*MATERIAL PROVIDED*:
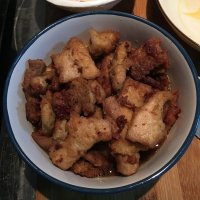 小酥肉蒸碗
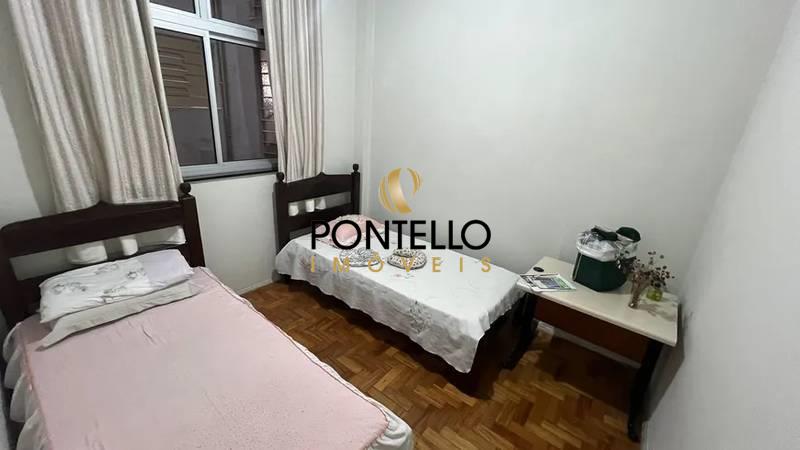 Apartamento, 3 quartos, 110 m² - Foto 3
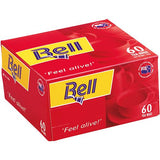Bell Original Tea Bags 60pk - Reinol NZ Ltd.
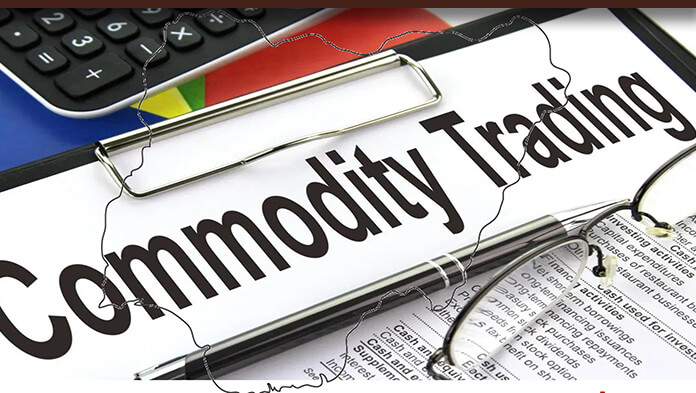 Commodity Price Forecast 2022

...

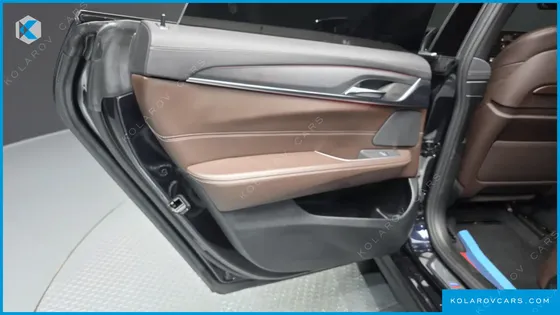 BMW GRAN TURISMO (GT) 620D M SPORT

==

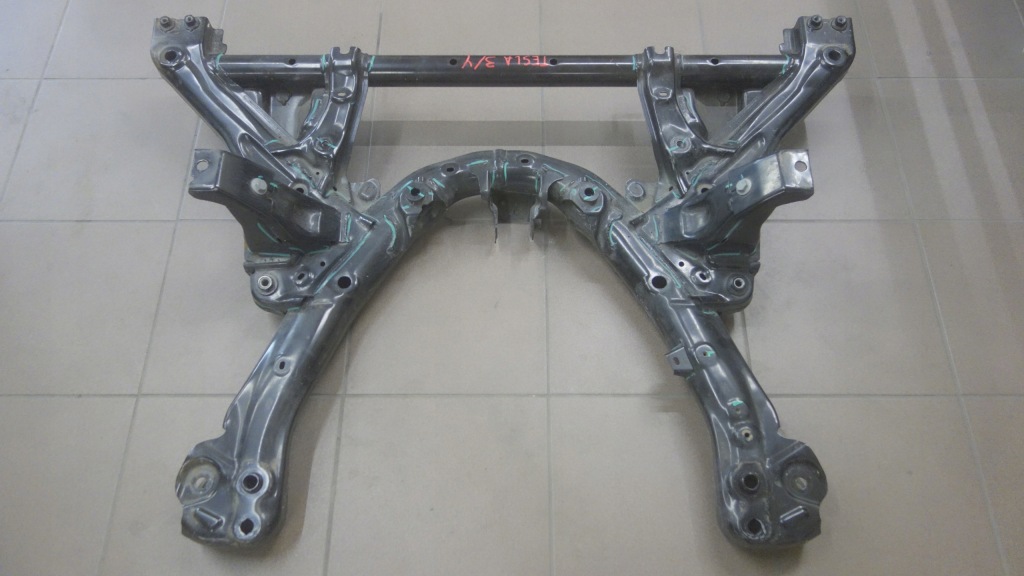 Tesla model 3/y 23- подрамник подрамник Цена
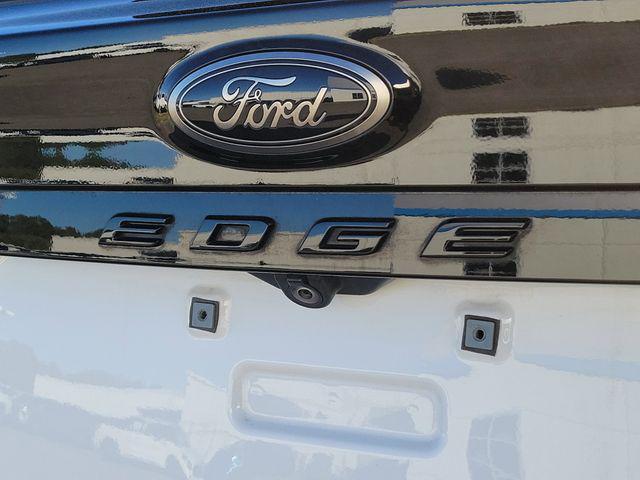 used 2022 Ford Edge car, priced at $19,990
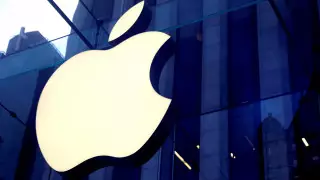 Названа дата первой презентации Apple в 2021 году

*EXERCISE GOAL*: Output should consist of the lines above from the one with "Bell Original Tea Bags 60pk - Reinol NZ Ltd." down to the one with "Commodity Price Forecast 2022", exact and without pictures.

*RESPONSE TO THE TASK*:
Bell Original Tea Bags 60pk - Reinol NZ Ltd.
 Commodity Price Forecast 2022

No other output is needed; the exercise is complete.